Correspondence

from Michael P. Reynolds,

Jeffrey Green Russell, London

A Lawyer for All Seasons

I recall a leading paper by Martin Harman of Masons over a decade ago where he opined that arbitration was "over lawyered". With the recent passing of Brian Clapham and some years ago that of John Newey I suggest that arbitration is now "under lawyered".

Michael P. Reynolds

Reply to Francis Miller

from Roderick O'Driscoll & Partners, Maidstone, Kent

I was very interested to read the views of Francis Miller on the four problems propounded for discussion by John Tackaberry QC in his article Arbitration (1998). I am particularly interested in the fourth question to which Francis refers which is

to what extent does one think a Tribunal should reach conclusions on fact or law on points that were not discussed before it. I have always regarded this as a danger area. In his penultimate paragraph, Francis states that "If, of course, we are talking about arbitration as opposed to State litigation .... then presumably the tribunal has only the powers given to it by the parties". This, I think is not strictly correct because paragraph 34(g) of the 1996 Act provides that the Tribunal has the right to decide all procedural and evidential matters (subject to the right of the parties to agree otherwise) including:

(g) Whether and to what extent the Tribunal should itself take the initiative in ascertaining the facts and the law.

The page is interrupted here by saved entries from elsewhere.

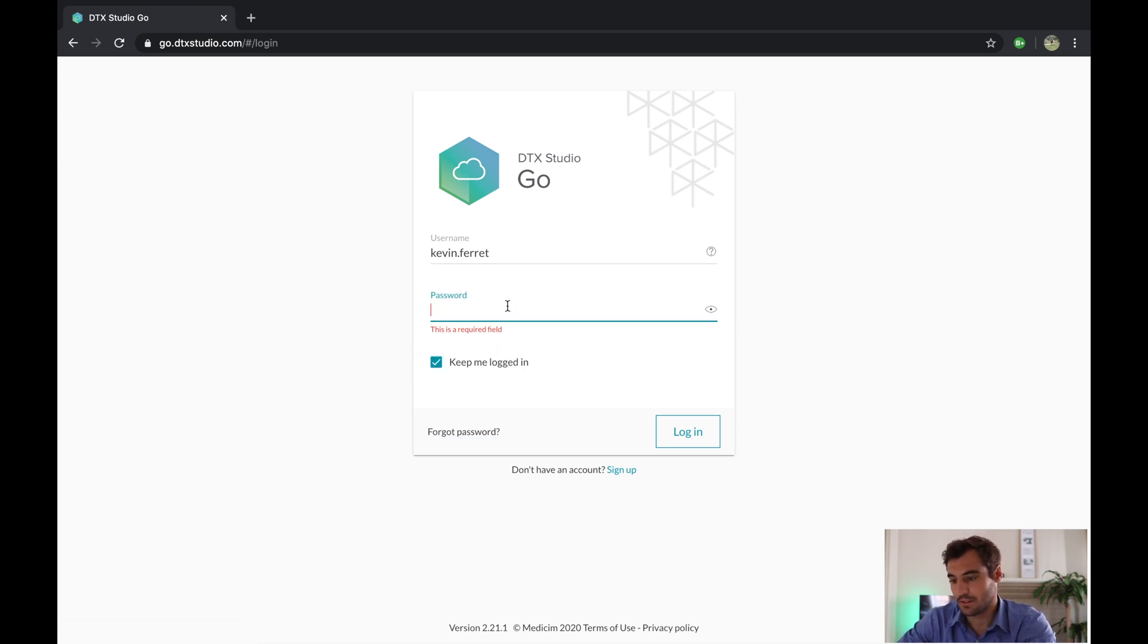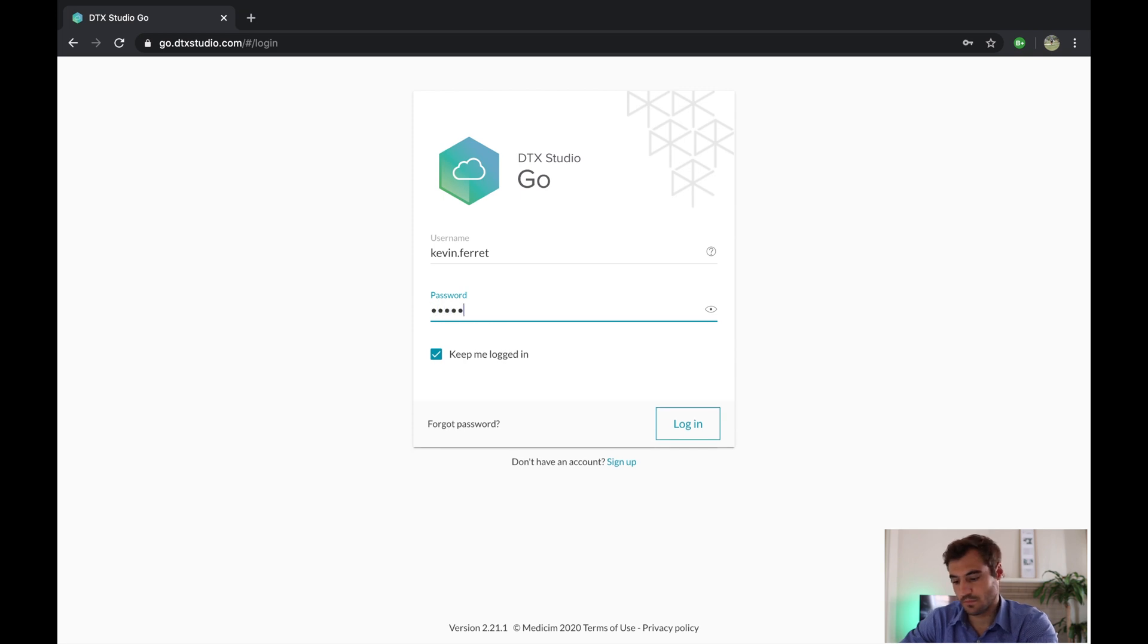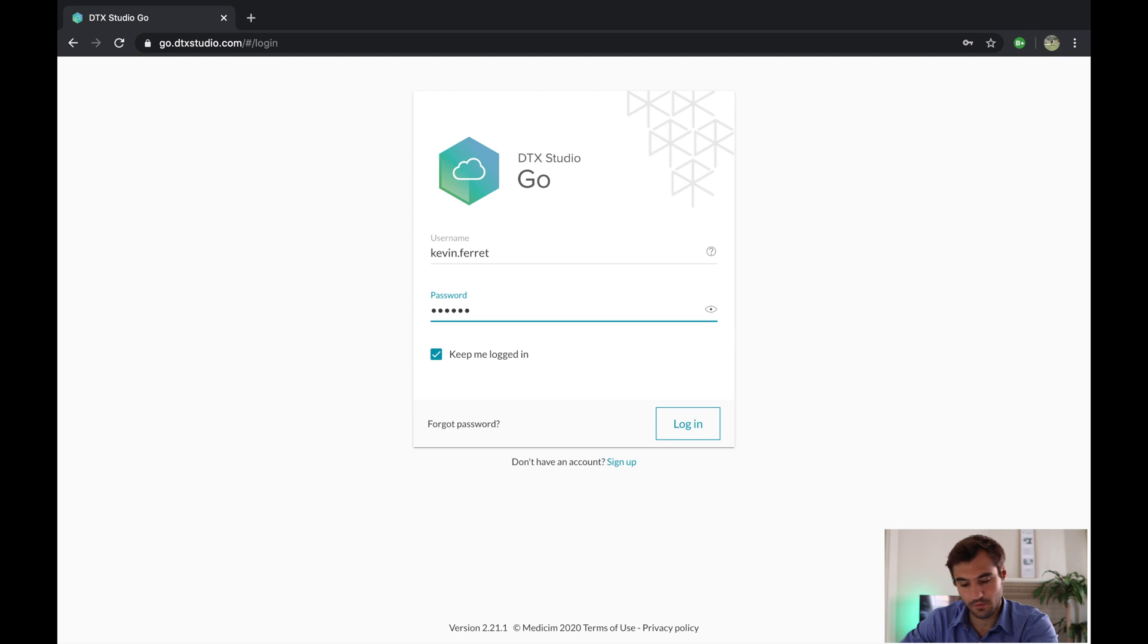I don't know my password by heart, so I have to check on my notes, of course. And we are in.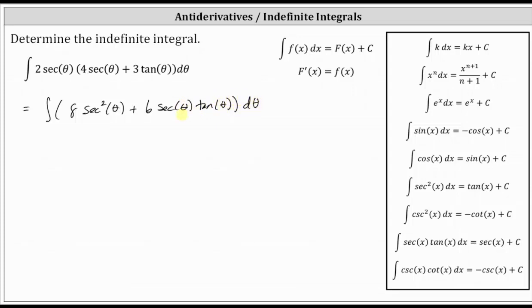Now we'll integrate each term rather than writing this as a sum of two integrals. Looking at the integrand function and the formulas, we'll be using the integration formula for secant squared as well as the integration formula for secant times tangent.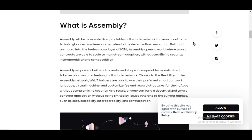Assembly empowers builders to create and shape interoperability decentralized token economies on a fee-less multi-chain network. Thanks to the flexibility of the assembly network, Web3 builders are able to use their preferred smart contract language, virtual machine, and customize fee and reward structures for their dApps without compromising security.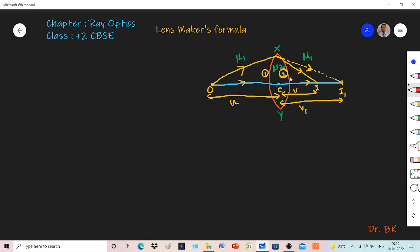This second ray would form image at I1 if the second refracting surface were not there. But because of the second refracting surface, this ray is again refracted and the final image is formed at I. So my final image distance is v, and the image I1 formed due to the first refracting surface has distance v1. OC is my object distance.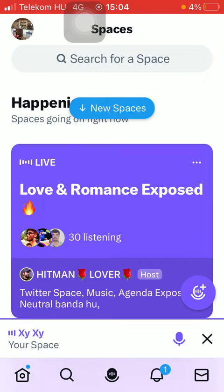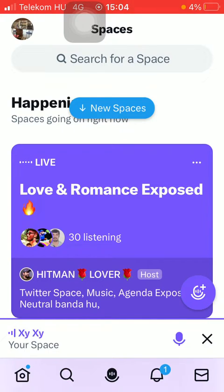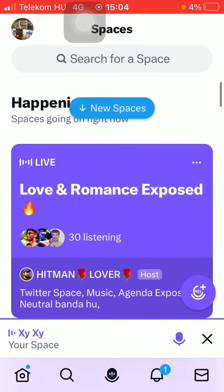Now let's jump into it. First of all, open the application on your phone, then you should tap on your space. Click on the microphone icon down below, which is the third tab. Tap on your space that you have started and click on the music button below your profile picture.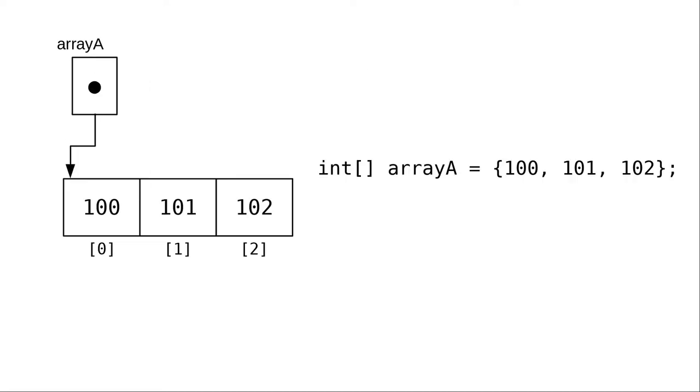Arrays are different. When you create a new array, as shown here, memory gets allocated for the array elements. What goes into the memory location associated with the variable is a reference to where to find those elements. Arrays, like objects which we will learn about later, are reference types.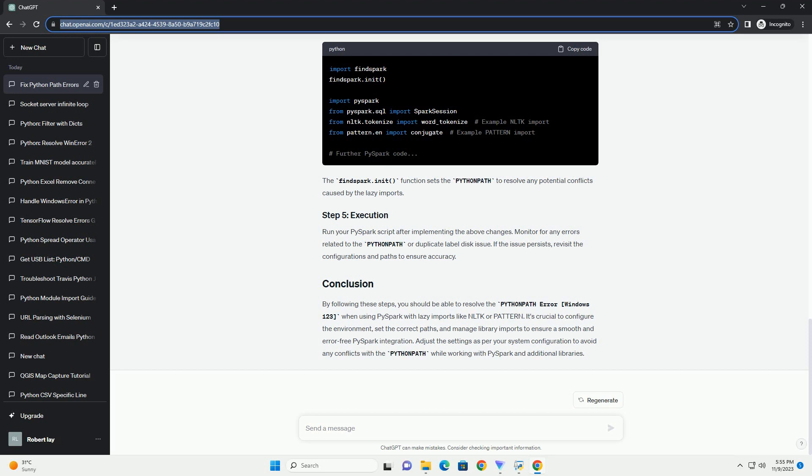By following these steps, you should be able to resolve the Python path error on Windows when using PySpark with lazy imports like NLTK or Pattern. It's crucial to configure the environment, set the correct paths, and manage library imports to ensure a smooth and error-free PySpark integration. Adjust the settings as per your system configuration to avoid any conflicts with the Python path.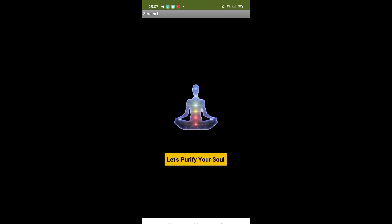Hello my dear, I am working on this meditation app. As you can see, this is the fourth screen. I have used here one PNG image and one button that says 'Let's purify your soul.' So what we need to do is just click on that button.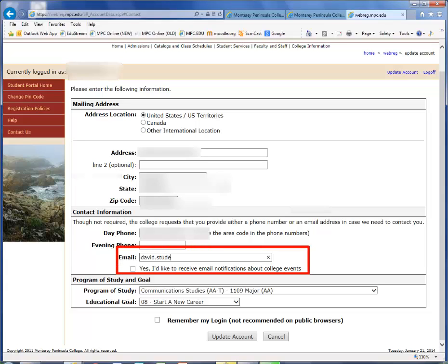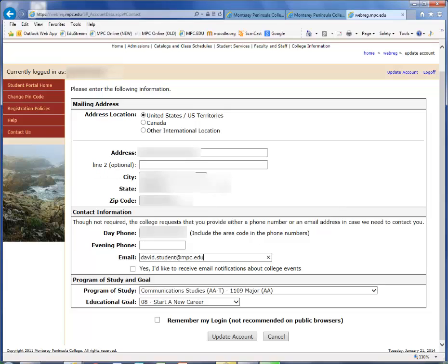We recommend that you use your MPC student email address, as it is where official college communication, including financial aid and registration, will be sent to you. Be sure to update any of your contact information if needed. Scroll down and click on Update Account once you're done.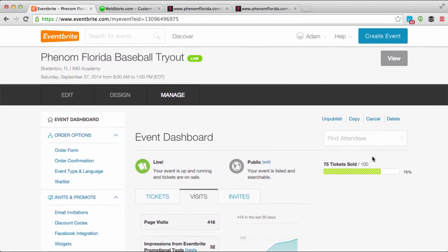If you're hosting events and you want to register people on your website, it's a nice way to build a contact database and present a professional event. Thank you for watching this video — don't forget to visit webstarts.com not only to see more videos like this, but also to build your very own free website.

In the excellent address given by Judge Esyr Lewis last year on the subject of Arbitration Appeals, the Learned Judge stressed that one of the most common (and successful) reasons for appealing an Award is that the Arbitrator has taken into account and made a finding on some fact that was not discussed before him, and which the parties had not had the opportunity to address him on.

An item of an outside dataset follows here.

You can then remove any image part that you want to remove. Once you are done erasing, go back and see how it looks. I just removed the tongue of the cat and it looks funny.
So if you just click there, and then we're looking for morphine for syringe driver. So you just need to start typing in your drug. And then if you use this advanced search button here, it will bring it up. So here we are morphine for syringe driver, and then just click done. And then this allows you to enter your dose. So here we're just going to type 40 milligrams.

It seems to me that the Tribunal has an unfettered discretion to take into account whatever facts and legal points it wishes but it must be subject to the restraint that such facts and legal points as it is desirous of taking into account should always be put to the parties. This seems to me to be consistent with the duty under Section 33(1) to act fairly and impartially giving each party a reasonable opportunity of putting its case and dealing with that of his opponent.

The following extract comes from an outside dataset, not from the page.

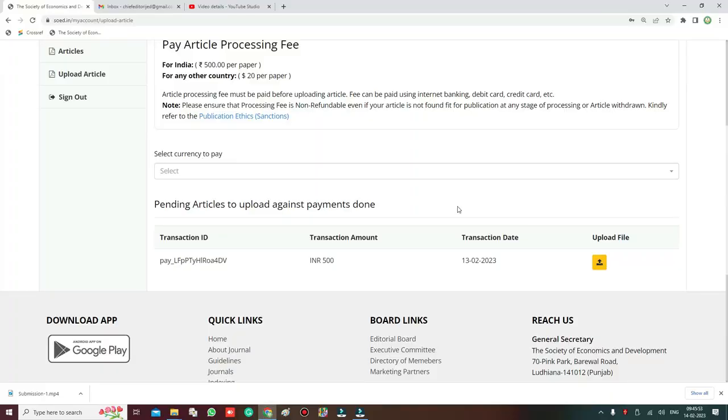Friends, once again welcome to the YouTube channel of the Society of Economics and Development. Today I will discuss with you the procedure for how to upload an article in the new system.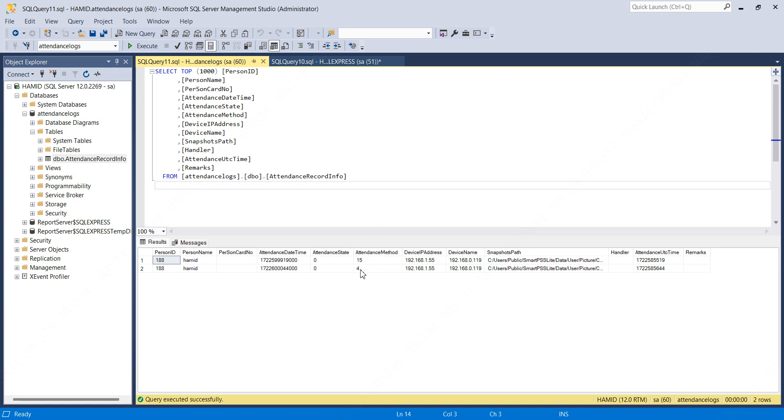Here we have another record created with attendance method as 4. 4 is for fingerprint. That's it. Hope you find it useful. Thanks for watching, have a nice day.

It seems to me a matter of natural justice that if a Tribunal intends to reach its conclusion on some fact which has not been raised by one or other of the parties, it is incumbent upon them to give each party an opportunity to comment. It should not be forgotten that unless the parties agree otherwise, the Tribunal must make its determination in accordance with English law (see A.A. Section 46(3)). English law requires that any Court or Tribunal can only make its determination on the basis of the evidence that is before it. There is no appeal against findings of fact provided by the Arbitration Act.

The position regarding points of law which have not been addressed to a Tribunal but upon which the Tribunal have made a determination is not quite so clear. There is an appeal on point of law albeit subject to certain restrictions (see Section 69 of the Arbitration Act). It seems to me that a Tribunal would not be acting irregularly on making a determination based on a point of law that had not been discussed before it by the parties. Indeed, if the arbitration is being conducted without legal representation it may be pointless and only lead to confusion for the Arbitrator to invite lay persons to discuss points of law. However, if legal representatives are in attendance then it seems to me that it would be sensible, particularly for a non-legal Arbitrator, to let it be known to the parties' representatives what his view of any particular aspect of law that he saw as relevant was, in order to enable them to comment. It is a Tribunal's duty to adopt procedures avoiding any unnecessary expense. If the Arbitrator had, for example, got the law hopelessly wrong and not given the parties an opportunity to comment, thus forcing one or other of the parties to appeal, it might be argued that he was creating unnecessary expense.

Roderick O'Driscoll & Partners

Adjudication

from P. Higgins

Symonds Group Limited, West Sussex

In January's issue of the Branch newsletter there were two items on adjudication. Obviously this is becoming of interest and since your editorial sought feedback I thought I should drop you a note.

Firstly, an interesting point raised by Rod O'Driscoll in his paper which took me by surprise a little. Rod suggests that because of Section 108(3) of the Construction Act (please forgive the abbreviation) the parties are free to agree in advance to accept the decision of the Adjudicator as finally determining the dispute.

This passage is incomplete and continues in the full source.